• _Data extract_
^^^^^^^^^^^^^^^^

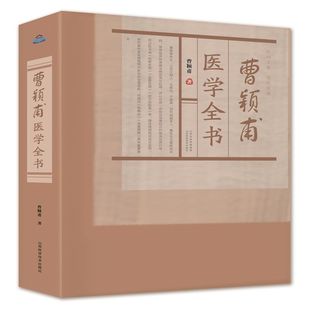 正版曹颖甫医学全书金匮发微曹颖甫经方实验录临床诊疗经方中医书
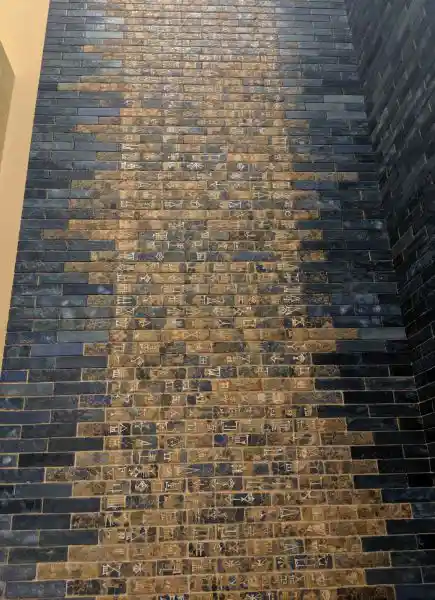 Nebuchadnezzar inscription on the Ishtar Gate, Pergamon Museum, Berlin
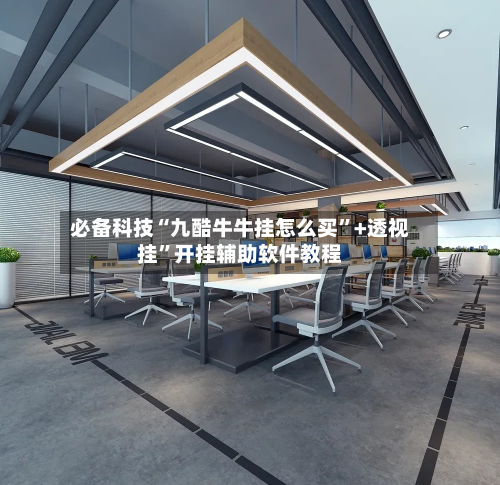 必备科技“九酷牛牛挂怎么买	”+透视挂”开挂辅助软件教程-第2张图片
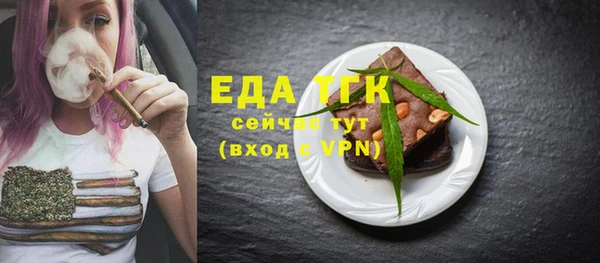 MDMA Абдулино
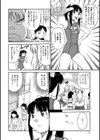 イカスぜ！！すくーる水着物語 試し読み4ページ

^^^^^^^^^^^^^^^^

• _Activity_
From the material above, reproduce everything verbatim except the pictures.

• _Response to this task_
 正版曹颖甫医学全书金匮发微曹颖甫经方实验录临床诊疗经方中医书
 Nebuchadnezzar inscription on the Ishtar Gate, Pergamon Museum, Berlin
 必备科技“九酷牛牛挂怎么买	”+透视挂”开挂辅助软件教程-第2张图片
 MDMA Абдулино
 イカスぜ！！すくーる水着物語 試し読み4ページ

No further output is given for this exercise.